In situ monitoring of protein transfer into nanoscale channels

Abstract

Protein transfer into nanoscale compartments is critical for many cellular/life processes, yet there are few reports on how compartment properties impact the protein orientation during a transfer. Such a knowledge gap limits a deeper understanding of the protein transfer mechanism, which could be bridged using nanoporous materials. Here, we use a mesoporous silica, a covalent organic framework, and a metal-organic framework with charged, hydrophobic, and neutral surfaces, respectively, to elucidate the impact of channel properties on the transfer of a model protein, lysozyme. Using site-directed spin labeling and time-resolved electron paramagnetic resonance spectroscopy, we reveal that the transfer can be a multi-step process depending on channel properties and depict the relative orientation changes of lysozyme upon transfer into each channel.

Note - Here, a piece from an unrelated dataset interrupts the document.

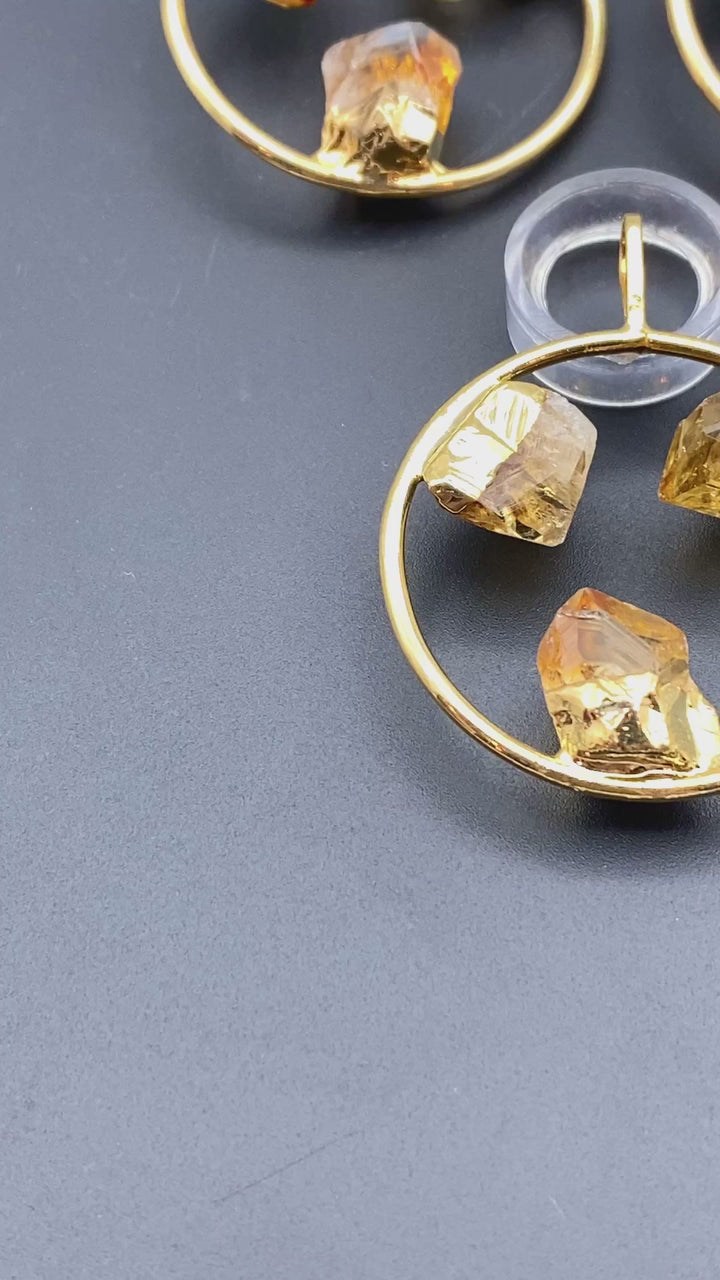 Gold Plated Ring Pendant with Citrine Fixed Crystal Points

To the best of our knowledge, this is the first structural insight into protein orientation upon transfer into different compartments, meaningful for the rational design of synthetic materials to host enzymes or mimic the cellular compartments. Protein transfer into nanoscale channels differing in hydrophobicity is demonstrated Multi-step protein transfer is observed for charged and hydrophobic channels Protein changes its orientation depending on the channel surface properties Time-resolved EPR spectroscopy can reveal residue-level details of protein transfer Pan et al. report the orientation changes of a model protein upon transfer into three nanoscale channels that differ in surface hydrophobicity (but a similar diameter). The findings may be useful for guiding the rational design of synthetic materials to host enzymes and/or mimic the cellular compartments.